On Fri, Feb 02, 2024 at 10:22:34AM -0800, "T.J. Mercier" <[email protected]> wrote:
> So all of these should be more or less equivalent:
> delta <= SWAP_CLUSTER_MAX ? delta : (delta + 3*SWAP_CLUSTER_MAX) / 4
> max((nr_to_reclaim - nr_reclaimed) / 4, (nr_to_reclaim - nr_reclaimed) % 4)
> (nr_to_reclaim - nr_reclaimed) / 4 + 4
> (nr_to_reclaim - nr_reclaimed) / 4
>
> I was just trying to avoid putting in a 0 for the request size with the mod.
The third variant would be simpler then. Modulo looks weird.

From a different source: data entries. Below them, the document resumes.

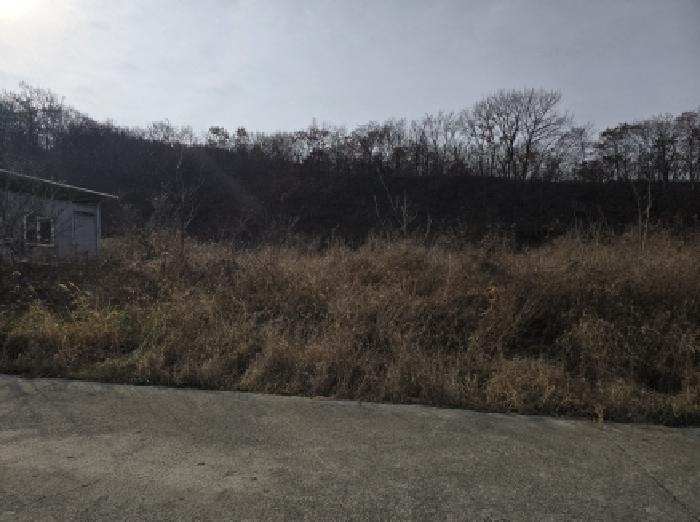 사진 06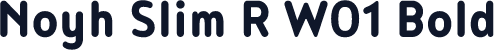 Noyh Slim R W01 Bold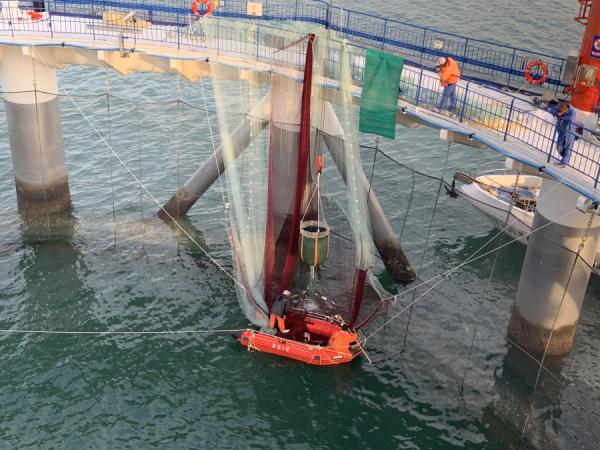 Yantai marine ranch complex welcomes foreign visitors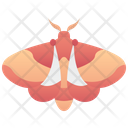 Moth Icon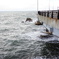 風景写真　DSC00378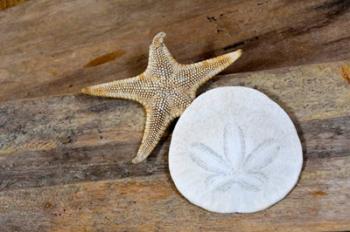 Sand Dollar And Starfish Still-Life | Obraz na stenu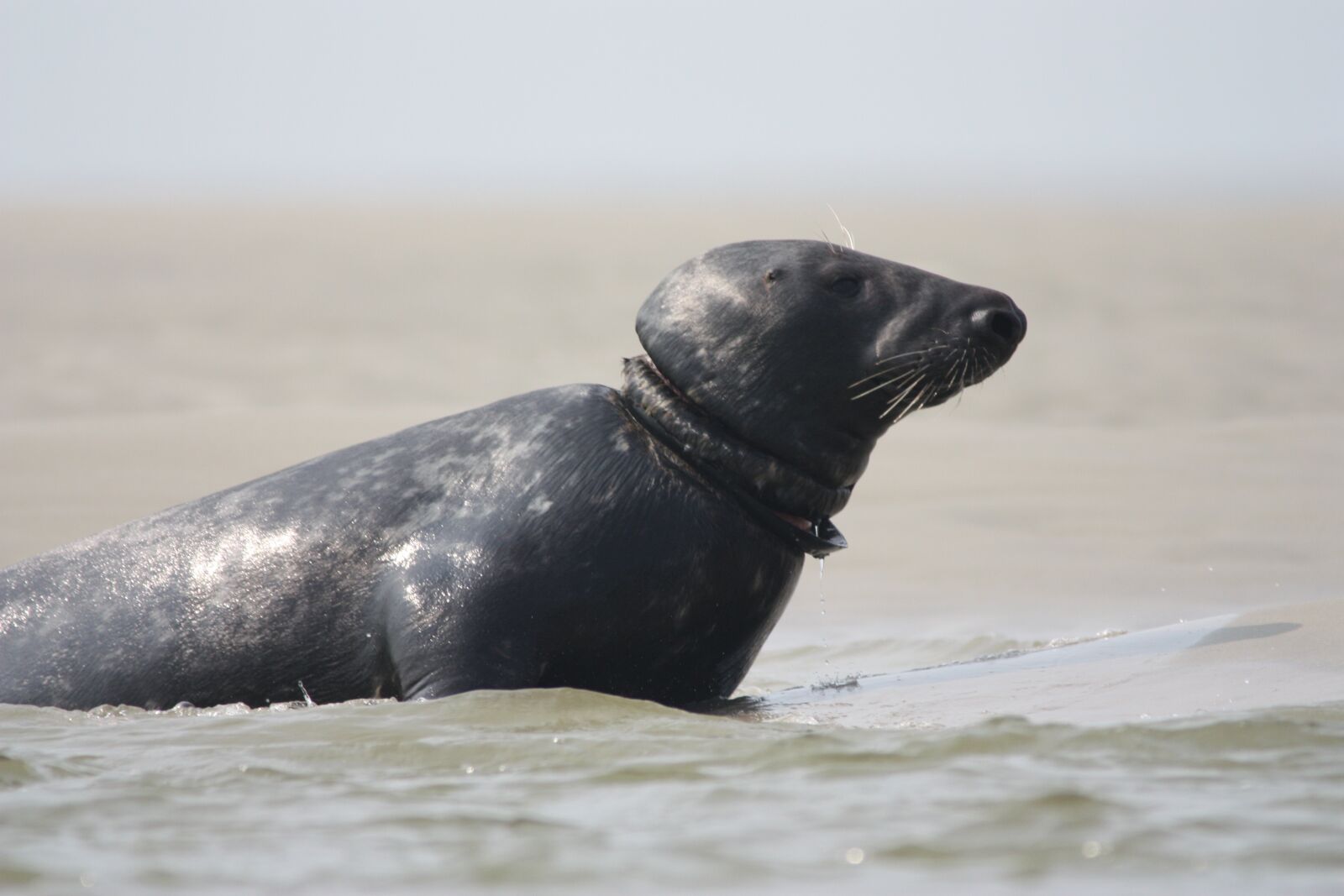 Canon EOS 450D (EOS Rebel XSi / EOS Kiss X2) sample photo. Grey seal, waste, seal photography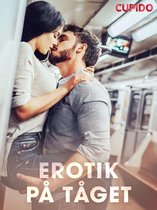 Erotik på tåget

Oh, and I just realized that try_to_free_mem_cgroup_pages() does
max(nr_pages, SWAP_CLUSTER_MAX). Then I'd vote for the fourth variant +
possible comment about harmless 0.
(I'm sorry if this was discussed before.)
Michal
On Fri, Feb 2, 2024 at 11:46 AM Michal Koutný <[email protected]> wrote:
>
> On Fri, Feb 02, 2024 at 10:22:34AM -0800, "T.J. Mercier" <[email protected]> wrote:
> > So all of these should be more or less equivalent:
> > delta <= SWAP_CLUSTER_MAX ? delta : (delta + 3*SWAP_CLUSTER_MAX) / 4
> > max((nr_to_reclaim - nr_reclaimed) / 4, (nr_to_reclaim - nr_reclaimed) % 4)
> > (nr_to_reclaim - nr_reclaimed) / 4 + 4
> > (nr_to_reclaim - nr_reclaimed) / 4
> >
> > I was just trying to avoid putting in a 0 for the request size with the mod.
>
> The third variant would be simpler then. Modulo looks weird.
>
> Oh, and I just realized that try_to_free_mem_cgroup_pages() does
> max(nr_pages, SWAP_CLUSTER_MAX). Then I'd vote for the fourth variant +
> possible comment about harmless 0.
> (I'm sorry if this was discussed before.)
>
> Michal
Ok great, let's do that. Thanks for your input.